Section 230 states: “No provider or user of an interactive computer service shall be treated as the publisher or speaker of any information provided by another information content provider.” 47 U.S.C. § 230(c)(1). There is no serious question that the operator of a website like this is the provider of an interactive computer service under the statute, or that a libel claim against a website based on a third-party user’s comment is just the sort of claim which is typically barred by Section 230. The question here, however, was whether TREGNY materially contributed to the content—by highlighting it, adding prefatory text, headlines and an illustration—such that the content was no longer merely “information provided by another information content provider” but rather information co-created by “Ardor Realty Sucks” and TREGNY—thereby depriving TREGNY of Section 230 immunity.
The Court of Appeals:
- Adopted a “national consensus” on the broad scope of Section 230’s protections, reading the statute “as generally immunizing Internet service providers from liability for third-party content wherever such liability depends on characterizing the provider as a ‘publisher or speaker’ of objectionable material.”
- Affirmed that Section 230 bars lawsuits seeking to impose liability on a service provider’s “exercise of a publisher’s traditional editorial functions—such as deciding whether to publish, withdraw, postpone or alter content” (quoting Zeran v. AOL, 129 F.3d 327, 330 (4th Cir. 1997)), including moving or re-posting a comment as the publisher’s own post.
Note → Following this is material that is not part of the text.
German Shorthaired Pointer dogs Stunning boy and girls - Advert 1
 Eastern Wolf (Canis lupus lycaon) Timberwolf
- Held that TREGNY’s additions to the third-party post did not convert TREGNY from a service provider into an “information content provider” (defined as one “responsible, in whole or in part” for the “creation or development of information”, § 230(f)(3)), even taking the 9th Circuit’s broad approach, which interprets “development” in this context as “materially contributing to [the] alleged unlawfulness” of the content. The court reasoned that Section 230 clearly protected TREGNY from liability for the anonymous user’s underlying comments; that there was no allegation that the comments were invited by TREGNY or that TREGNY contributed to their illegality as in Fair Housing Council v. Roommates.com, LLC, 521 F.3d 1157 (9th Cir. 2008) (please see our previous advisory regarding the case); and that the text and illustration added by TREGNY were not themselves defamatory as a matter of law. It did not assess whether the user-generated and host-generated content taken together were defamatory.
The court was deeply divided. A dissent by Chief Judge Lippman, joined by two other members, opined that Shiamili had stated a claim which lay outside the scope of Section 230 immunity. In the dissent’s view, the sum total of TREGNY’s headlines, comments, and illustration were “not so benign” as to be within “a publisher’s traditional editorial function” and suggested an endorsement of and material contribution to the user’s comments.
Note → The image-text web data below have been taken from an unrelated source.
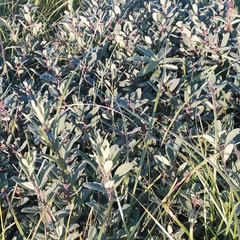 Myrica gale tomentosa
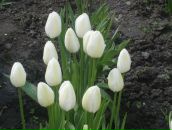 Сергій Дудін фотография #45 (источник - https://vk.com/id60860149)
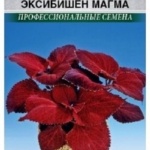 d4ea8d8cddb0032380c7e3859d210802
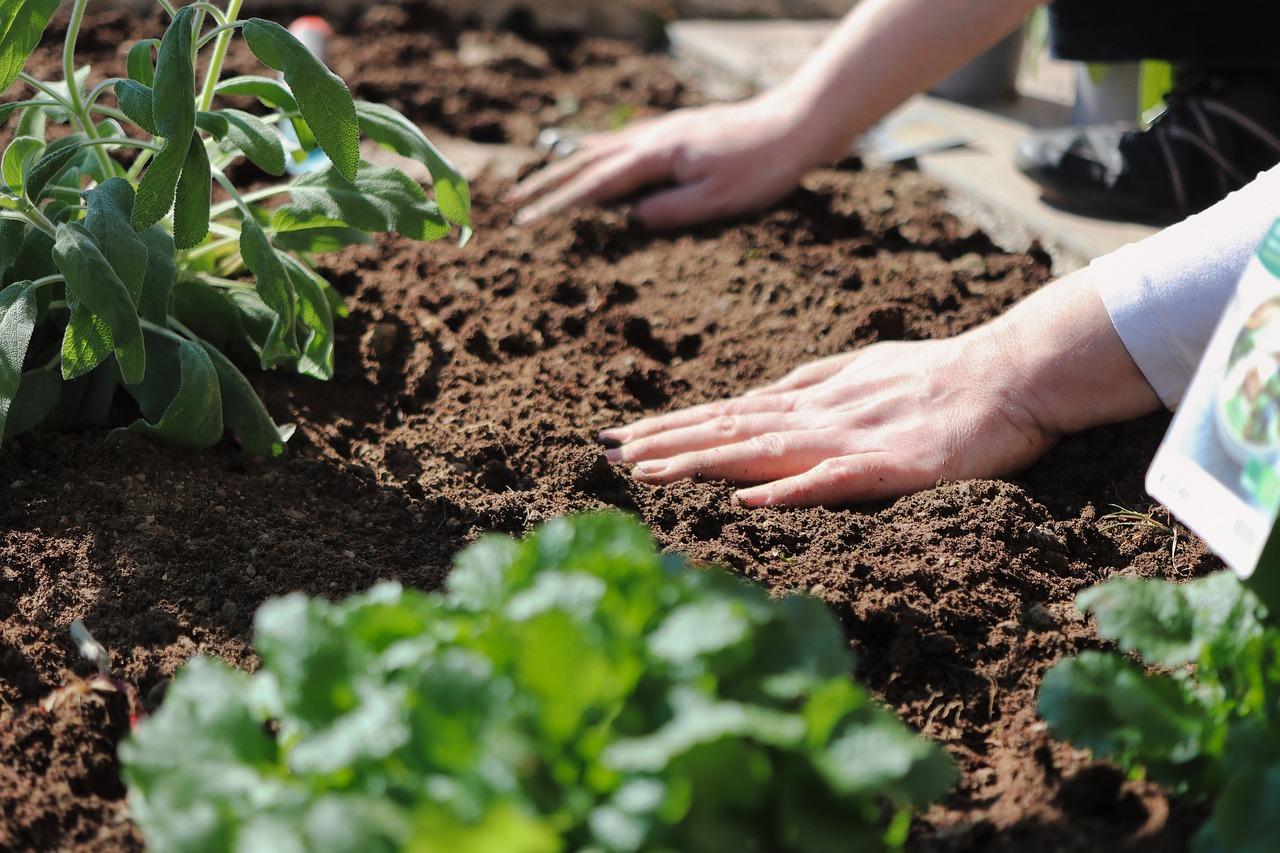 two hands are touching soil in a garden - how to determine the quality of your soil with a soil test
While the dissent agreed that a broad approach to Section 230 immunity was appropriate, it disagreed that this approach should immunize what it saw as “a business’s complicity in defaming a direct competitor.” Nonetheless, the majority’s decision establishes a broad approach to Section 230 immunity and should deter future claims against website hosts over user-generated content, even where the host’s after-the-fact embellishments to such content are not insubstantial.